Maybe you won't believe me, but I only started that so I could fund this lawsuit.

I just didn't know it would take like five years to get it done.

Right.

But blessed are the naive, right?

We're too foolish to know that we can't win.

And then you get lucky and you win.

So are you selling those printers?

Yeah, I am.

I have a website called Ghost Gunner, GhostSgunner.net.

We sell mills for, gosh, $1,600, $1,700.

And will that make the gun that...

Do you remember the 1911 you sold to me?

Sure, I know what you're talking about.

That's the Laser Center 1911.

No, that was quite a high-tech application.

But our mill does finish unfinished 1911 frames.

So there's another way of making 1911s from what's called 80% frames.

So that's another great thing about our industry now and what digital technologies have done for the gun owner.

There's lots of ways, right?

There's lots of roads back to Rome.

And this definitely contains one of them.

So Cody, here's one of the things that I think we disagree on.

And I'd love to hear your opinion.

I think what made America, what changed people and changed the world was the

patent or the copyright.

It allowed the average person to dream and create and then change their status.

I think that your view is that's just that's all gone anyway

and is going to be posted online and you'll be able to print whatever you wanted.

Is that do you think that helps

the

progress of man, if you will

well I think the older well, I agree with your assessment that giving people monopolies helps them out.

So if it's really like the post-war distortions of IP that are objectionable to me, you know, life of the author plus 70 years on these copyrights and things.

You know,

if we're going to have a set of intellectual property, let's make it truly useful for the commons.

Let's give people truly limited monopolies in their lifetimes.

less than their lifetimes, you know, so that people can begin to benefit from other people's work.

I'm okay with having compromises on these positions.

My idealist position is that I think society on net would probably be better without strong patent and strong copyright laws.

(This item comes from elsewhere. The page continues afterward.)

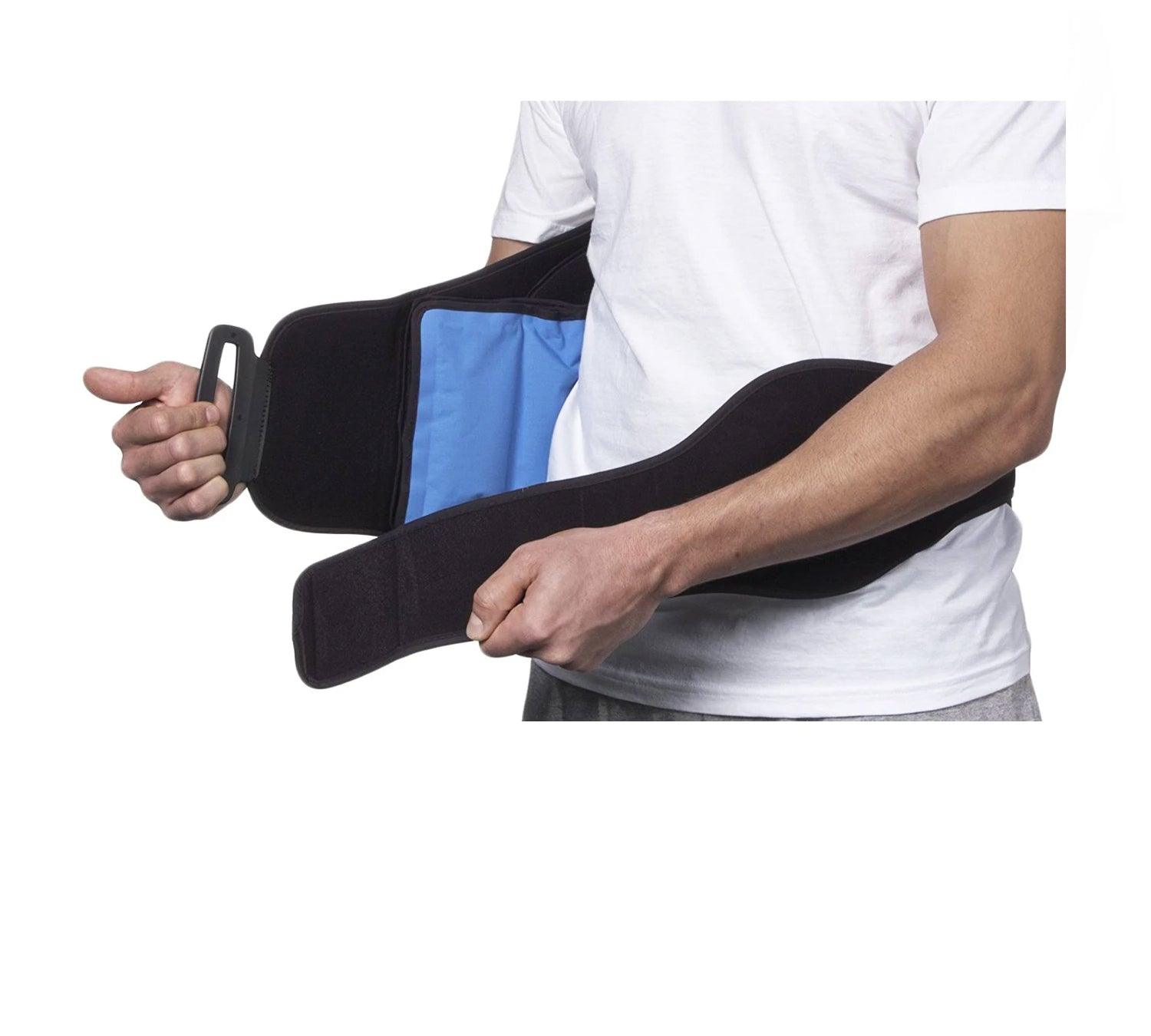 Hot/Cold & Compression Back Support | NatraCure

But irony of ironies, the way I won this lawsuit is that the State Department came in and gave me a monopoly to

publish these files.

So, you know, what are you going to do?

I get that there's benefits.

No question there are benefits.

Are you the only one now that can print these?

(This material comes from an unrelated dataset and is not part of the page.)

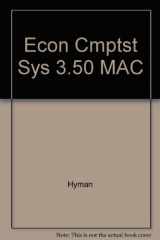 9780256119084-0256119082-ECON CMPTST SYS 3.50 MAC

Or I mean, they could publish these?

It's funny.

Yes, but I don't think they're going to penalize anyone else for doing it.

And importantly,

because of my position, I'm not going to use that monopoly to

be anti-competitive.

I'm just saying, hey, come to my website, share the stuff here.

And then when I share it and put it up, anyone can use it again.

So it's kind of a trick.

And I don't think most people even need to understand that.

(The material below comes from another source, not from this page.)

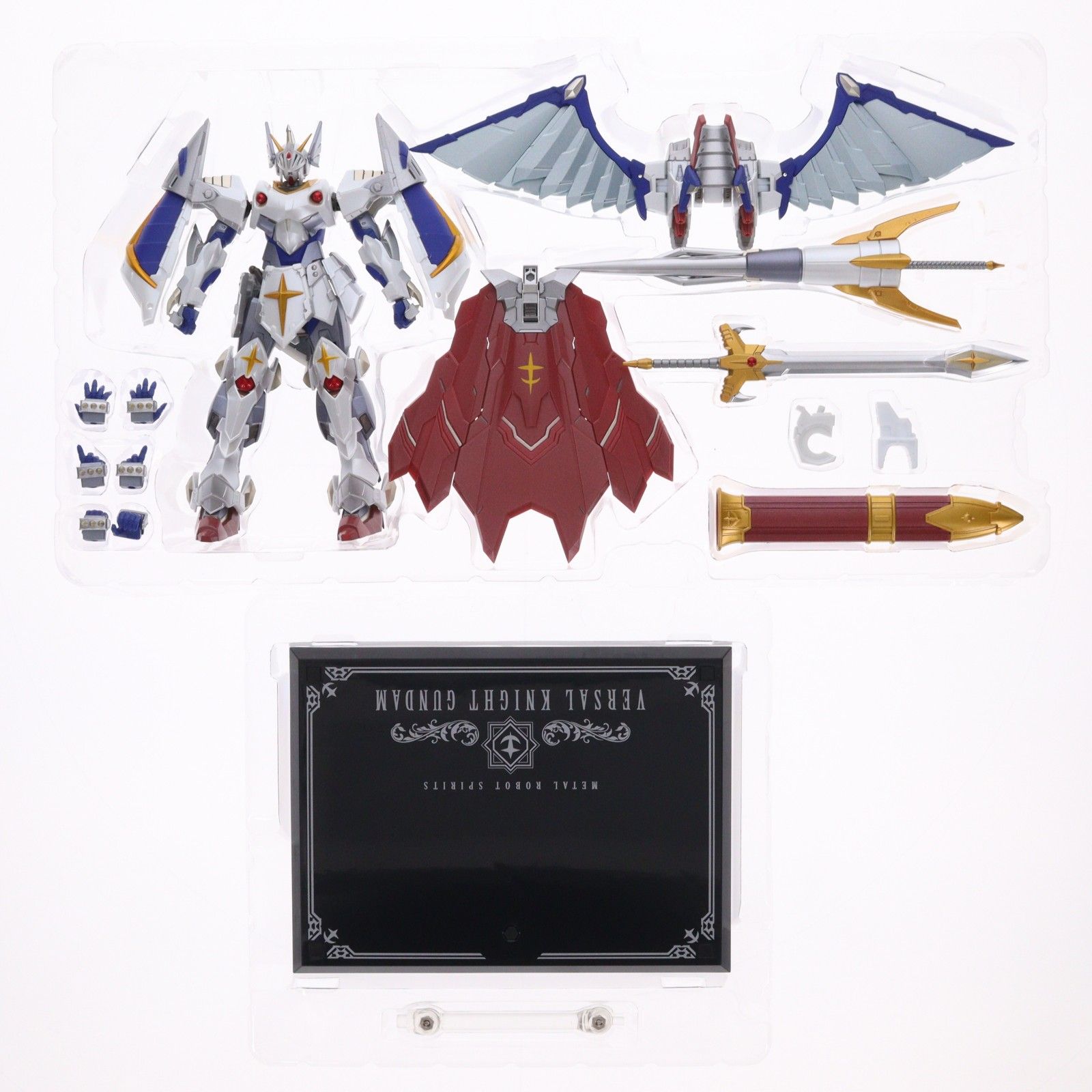 魂ウェブ商店限定 METAL ROBOT魂(SIDE MS) バーサル騎士ガンダム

But it is ironic that a guy who says, hey, we shouldn't give IT protections to people ends up winning with something like an IP protection.

That is ironic.

Can you hold for a minute, Cody?

I want to come back.

And I want to talk to you.

You were named Wired Magazine's 15 Most Dangerous People in the World.

And

a lot has happened in your life since we spoke about five years ago.

And I just kind of like to recap some of those and hear your point of view of, A, what is it like to be named one of the 15 most dangerous people people in the world when we come back?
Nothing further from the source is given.